◆ What the task requires:
Apart from the pictures, which must be omitted, restate the data exactly.

◆ Records shown:
= = = =

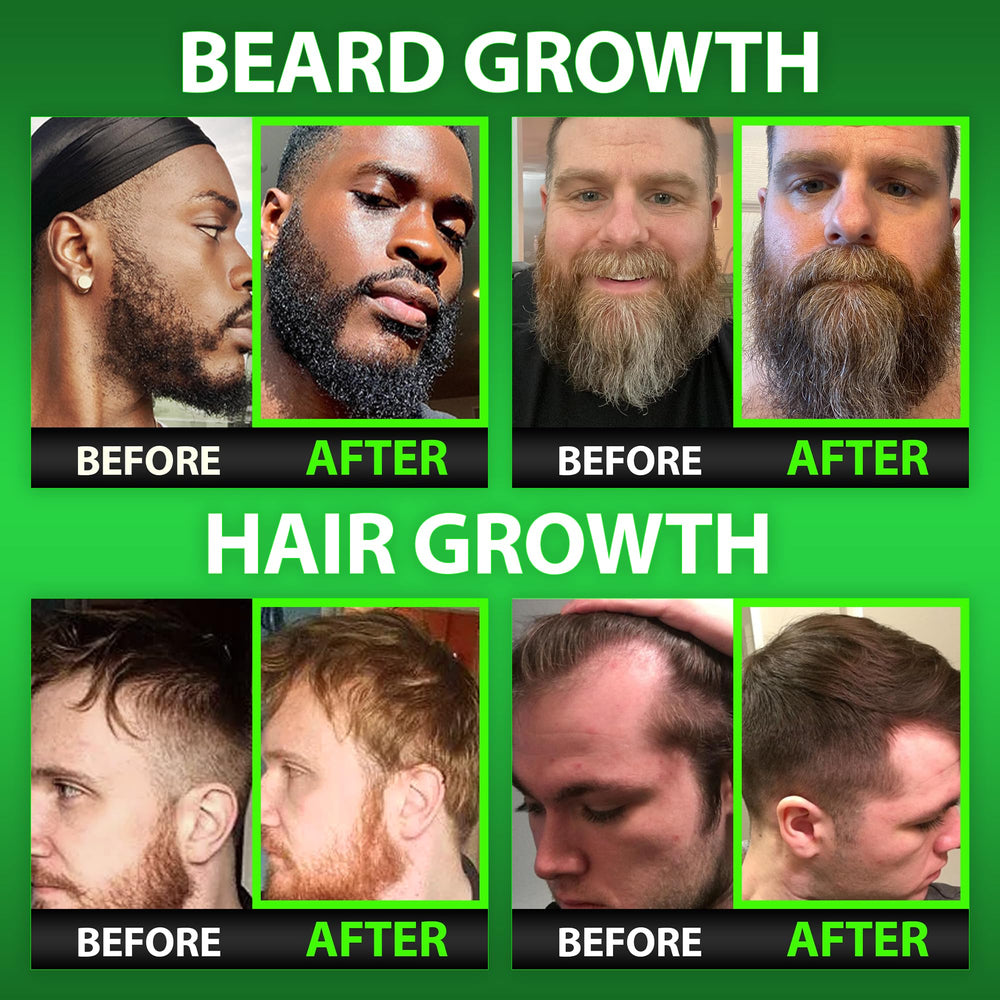 Biotin gummies for beard and hair growth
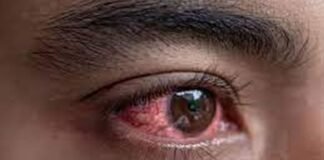 आई फ्लू में ना खायें दवाई होगा बड़ा नुकसान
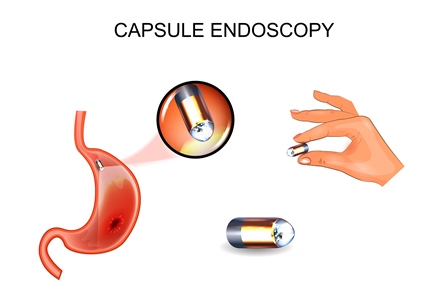 Капсульная эндоскопия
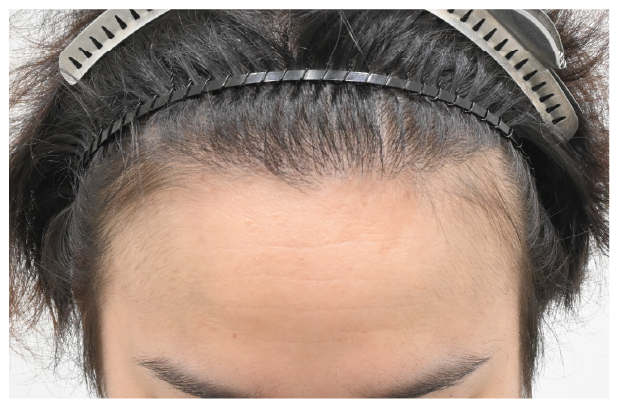 スマートFUE 症例3 after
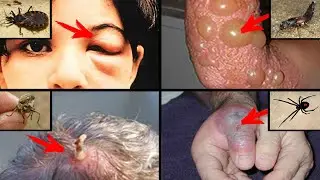 25 Укусов насекомых, которые нужно уметь распознавать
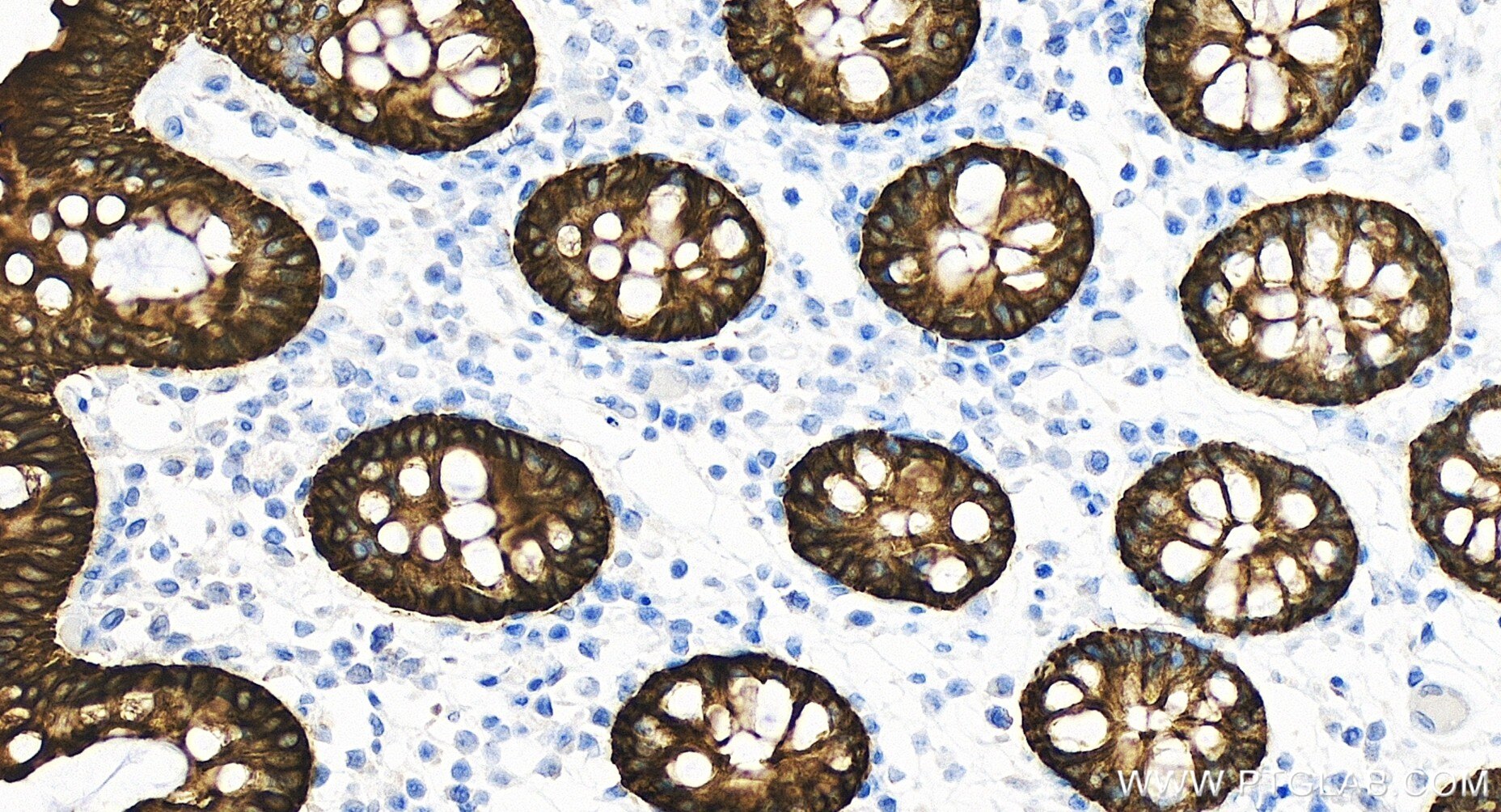 Immunohistochemistry (IHC) staining of human colon tissue using Cytokeratin 19 Recombinant antibody (86250-1-RR)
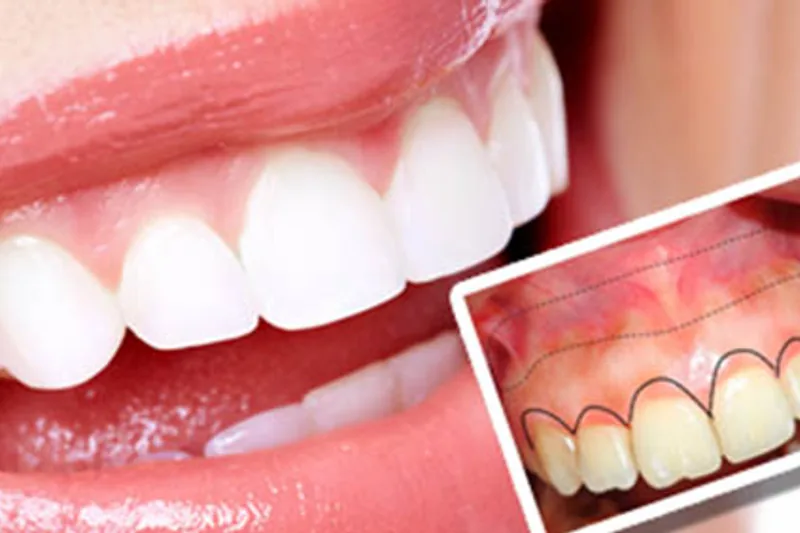 Gum recession evaluation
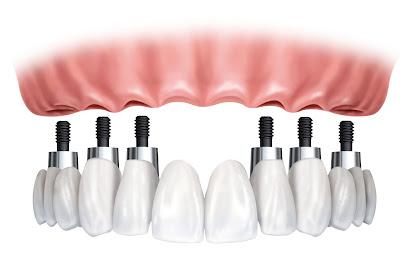 Full Mouth Dental Implants - Periodontist in Budd Lake, NJ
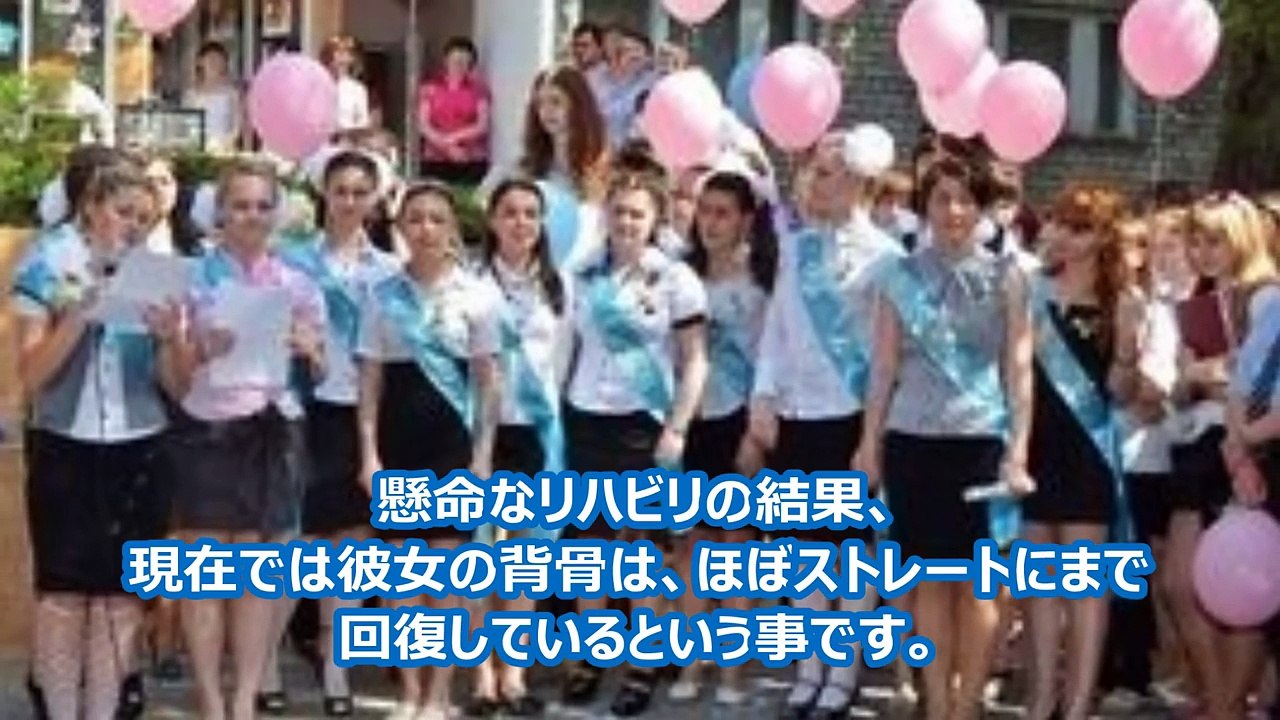 驚愕！遺伝子異常！？16歳美少女の顔から下がヤバイと話題に・衝撃！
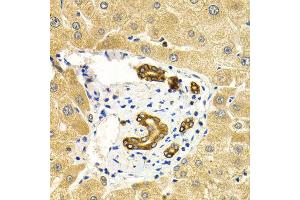 Immunohistochemistry of paraffin-embedded human liver injury using RAB27A antibody at dilution of 1:200 (400x lens). (RAB27A anticorps)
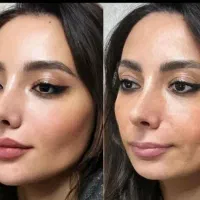 تزریق ژل بوتاکس و ساکشن تزریق چربی درکلینیک|خدمات آرایشگری و زیبایی|کرمانشاه, |دیوار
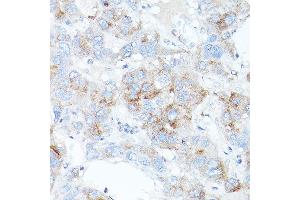 Immunohistochemistry of paraffin-embedded human liver cancer using TFR2 antibody (ABIN6128863, ABIN6149063, ABIN6149064 and ABIN6225172) at dilution of 1:100 (40x lens). (Transferrin Receptor 2 anticorps  (AA 582-801))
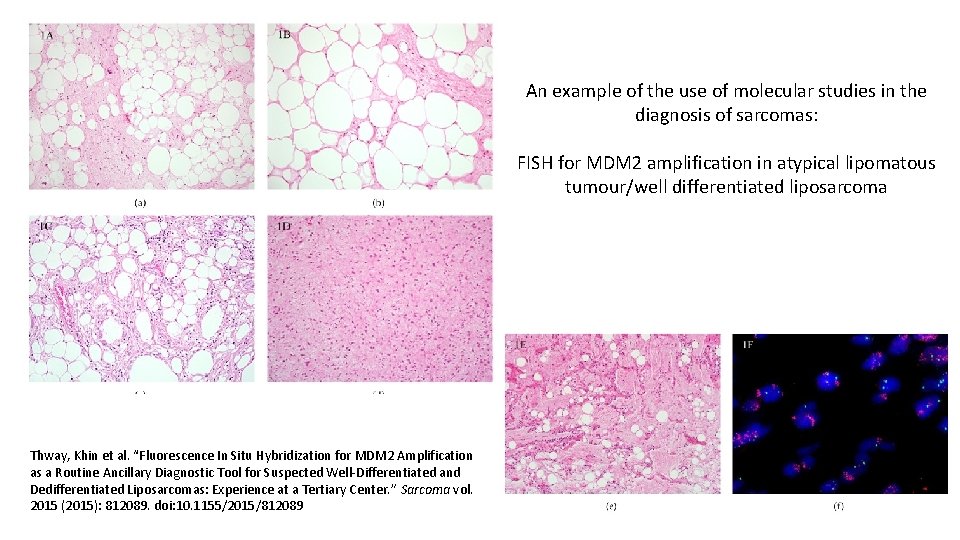 An example of the use of molecular studies in the diagnosis of sarcomas: FISH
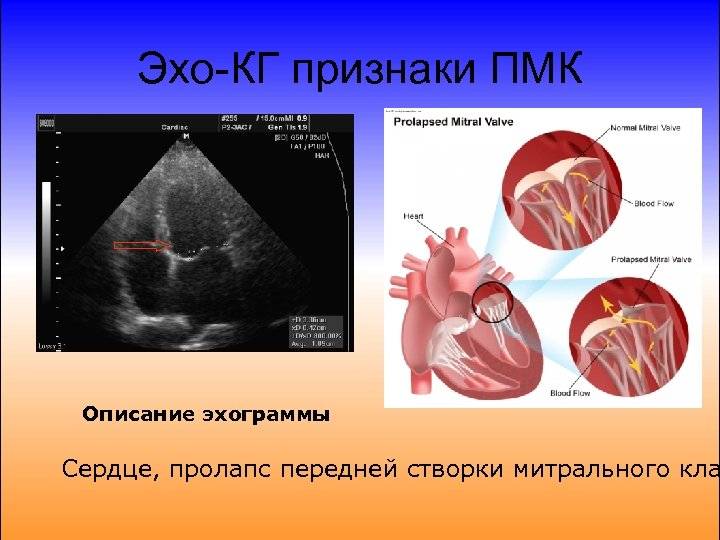 Пролапс митрального клапана презентация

= = = =

◆ Output:
 Biotin gummies for beard and hair growth
 आई फ्लू में ना खायें दवाई होगा बड़ा नुकसान
 Капсульная эндоскопия
 スマートFUE 症例3 after
 25 Укусов насекомых, которые нужно уметь распознавать
 Immunohistochemistry (IHC) staining of human colon tissue using Cytokeratin 19 Recombinant antibody (86250-1-RR)
 Gum recession evaluation
 Full Mouth Dental Implants - Periodontist in Budd Lake, NJ
 驚愕！遺伝子異常！？16歳美少女の顔から下がヤバイと話題に・衝撃！
 Immunohistochemistry of paraffin-embedded human liver injury using RAB27A antibody at dilution of 1:200 (400x lens). (RAB27A anticorps)
 تزریق ژل بوتاکس و ساکشن تزریق چربی درکلینیک|خدمات آرایشگری و زیبایی|کرمانشاه, |دیوار
 Immunohistochemistry of paraffin-embedded human liver cancer using TFR2 antibody (ABIN6128863, ABIN6149063, ABIN6149064 and ABIN6225172) at dilution of 1:100 (40x lens). (Transferrin Receptor 2 anticorps  (AA 582-801))
 An example of the use of molecular studies in the diagnosis of sarcomas: FISH
 Пролапс митрального клапана презентация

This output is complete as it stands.